6.10 M.e.r.-beoordeling

Per 1 april 2011 is het Besluit m.e.r. gewijzigd en in lijn gebracht met de Europese richtlijn hieromtrent (nr. 85/337/EEG). Concreet betekent dit dat bij de vraag of een m.e.r. beoordeling (en daarmee mogelijk een m.e.r.) moet worden uitgevoerd, niet alleen kan worden uitgegaan van de getalsmatige grenzen in kolom 2 van bijlage D, maar dat meer in algemene zin beoordeeld moet worden of er sprake is van belangrijke nadelige milieugevolgen. Er zijn wettelijke criteria om te bepalen of er sprake is van belangrijke nadelige milieugevolgen.
Voor deze toets wordt de term 'vormvrije m.e.r.-beoordeling' gehanteerd.
Er is voor dit project (het recreatiepark) een vormvrije m.e.r.-beoordeling opgesteld waarin het volgende is geconcludeerd:
“Er was ter plaatse reeds sprake van een camping en binnen dezelfde grenzen worden nu recreatiewoningen gerealiseerd. De groengebieden rondom het terrein worden niet aangetast. Op het terrein wordt veel water aangelegd in de vorm van de karakteristiek slagenlandschap.
Het aantal eenheden wordt behoorlijk verminderd en het verplaatsen van de toegang levert een verbetering op. Uit de toetsing blijkt dat er geen nadelige effecten voor het milieu zijn. Het geheel overziend is er geen aanleiding om een milieueffectrapport op te stellen”.

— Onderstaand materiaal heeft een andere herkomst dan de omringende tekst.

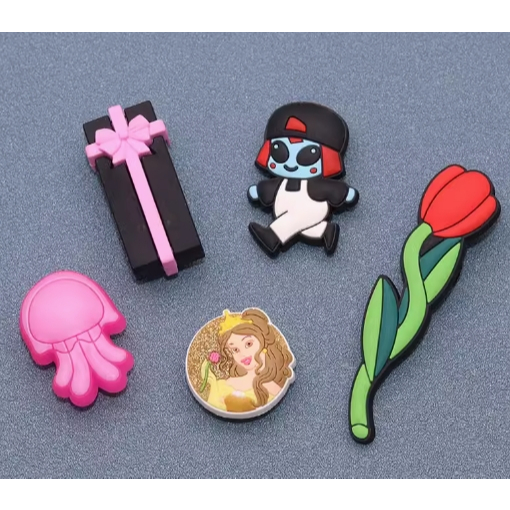 Jibbitz crocs/ jibbits/jibbitz/jibits/gibbitz/ หัวเข็มขัดโลหะอุปกรณ์เสริม diy crocs ตกแต่งหัวเข็มขัด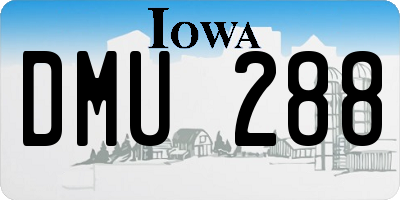 IA license plate DMU288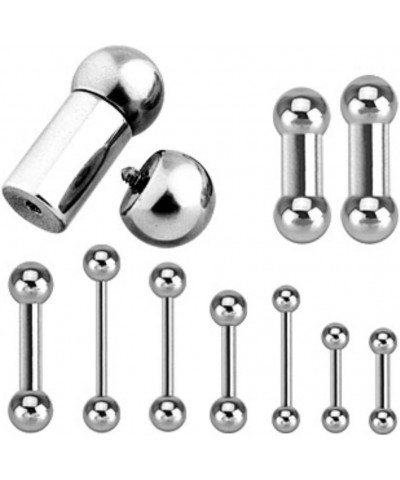 Internally Threaded 316L Surgical Steel WildKlass Barbell (Sold by Piece) 6 GA, Length: 16mm, Ball: 8mm $9.89 Body Jewelry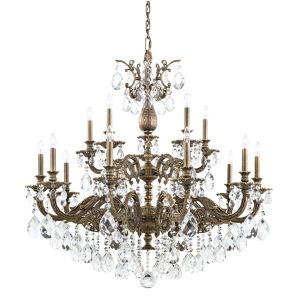 Schonbek Milano 15 Light 39 inch Chandelier Ceiling Light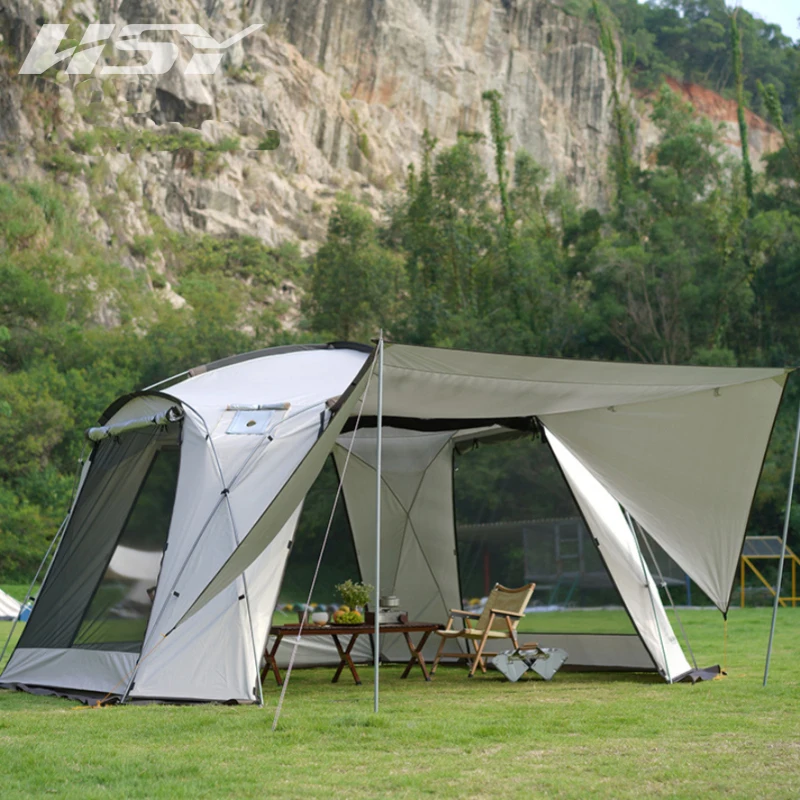 Всесезонная большая палатка для кемпинга многофункциональная от солнца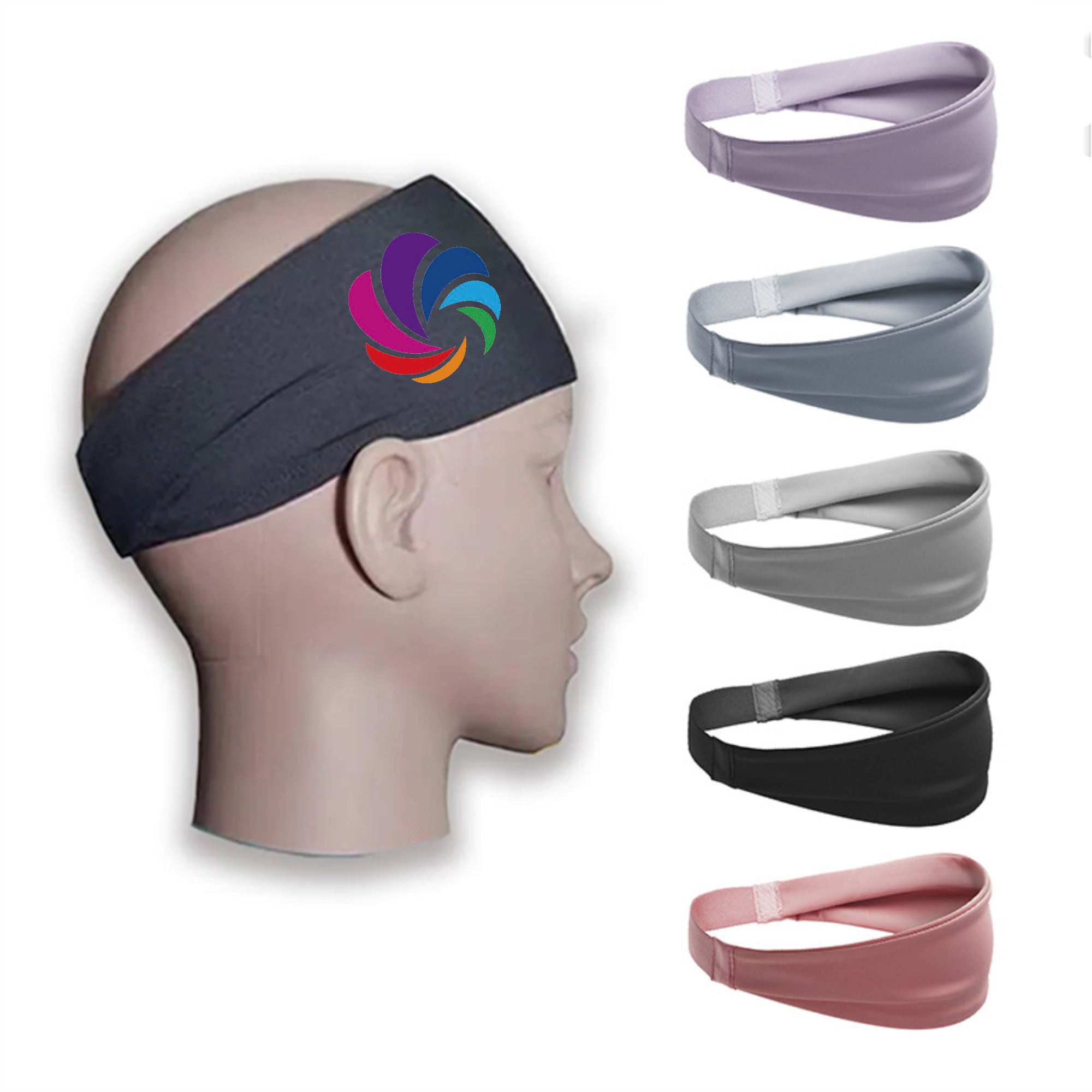 Full Color Unisex Solid Color Headband MOQ 50 2
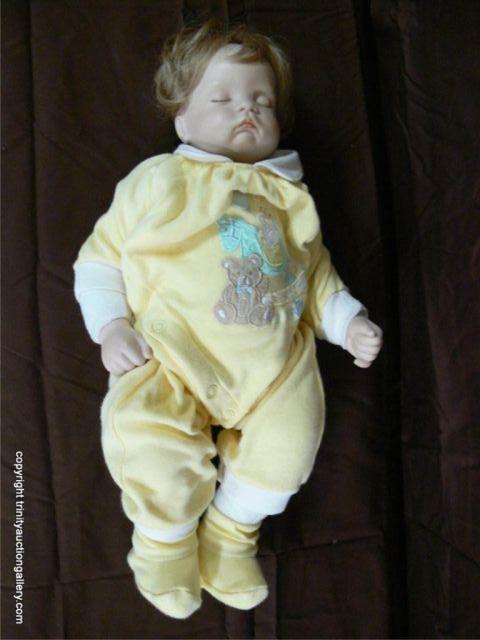 Appraisal: Sugar Britches Lifelike Sleeping Baby Doll - a Boots Tyner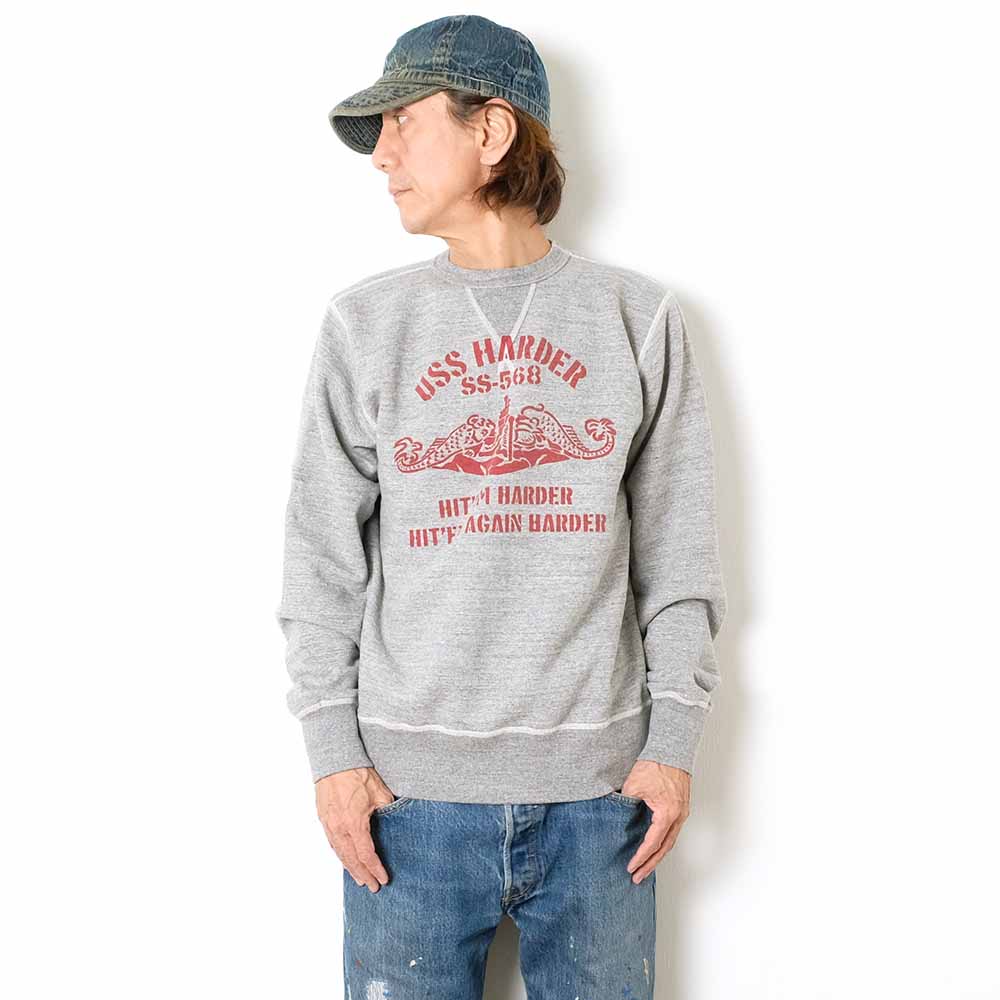 BUZZ RICKSON'S - SET-IN CREW SWEAT - USS HARDER - BR69500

De vormvrije m.e.r.-beoordeling is als bijlage 7 aan dit bestemmingsplan toegevoegd.

Hoofdstuk 7 Uitvoerbaarheid

7.1 Economische uitvoerbaarheid

Dit bestemmingsplan heeft tot doel een juridisch-planologische basis te scheppen voor het realiseren van recreatiewoningen en bijbehorende voorzieningen op Recreatiepark Reeuwijkse Hout en woningen aan de Oudeweg. Er is sprake van een particulier initiatief.
Initiatiefnemer maakt gebruik van ervaringen elders om tot een succesvolle ontwikkeling te kunnen komen en ziet in de locatie en de omgevingsfactoren daarvoor voldoende mogelijkheden.
In "Toekomstvisie Nederlandse vakantiemarkt 2020" (onderzoek van NBTC.NIPO Research) zoals gepresenteerd tijdens het Toerisme & Vrijetijdscongres in Breda op 15 september 2011, is beschreven dat er tot 2020 wordt uitgegaan van een geringe groei van het aantal "bungalow"vakanties.
In het onderzoek zijn de volgende onderdelen beschreven:

  • Trends in het vakantiegedrag van Nederlanders
  • De binnenlandse vakantiemarkt nader bekeken
  • Hoe kijkt de consument aan tegen vakanties in eigen land?
  • De Nederlandse vakantiemarkt in 2020
  • Perspectief voor binnenlandse vakanties

Als kansen voor de binnenlandse vakanties worden genoemd:

  • Nederlander hecht groot belang aan vakanties
  • Vakantiemarkt zal komende jaren blijven groeien
  • Met name groei voor korte vakanties
  • Senioren vormen de doelgroep van de toekomst

De aantrekkelijkheid van de Reeuwijkse Plassen en het Reeuwijkse Hout blijkt ondermeer uit het "Schappenbreed recreantenonderzoek van het Natuur- en Recreatieschap Reeuwijkse Plassen en omgeving". Daarnaast heeft de opzet en inrichting van het recreatiepark zoveel unieke elementen, dat de groep gebruikers het park zal weten te vinden.
Tussen gemeente en initiatiefnemer is een overeenkomst gesloten waarin afspraken zijn gemaakt over deze ontwikkeling.
Gezien het voorgaande is een exploitatieplan als bedoeld in artikel 6.12 van de Wet ruimtelijke ordening voor dit bestemmingsplan niet nodig.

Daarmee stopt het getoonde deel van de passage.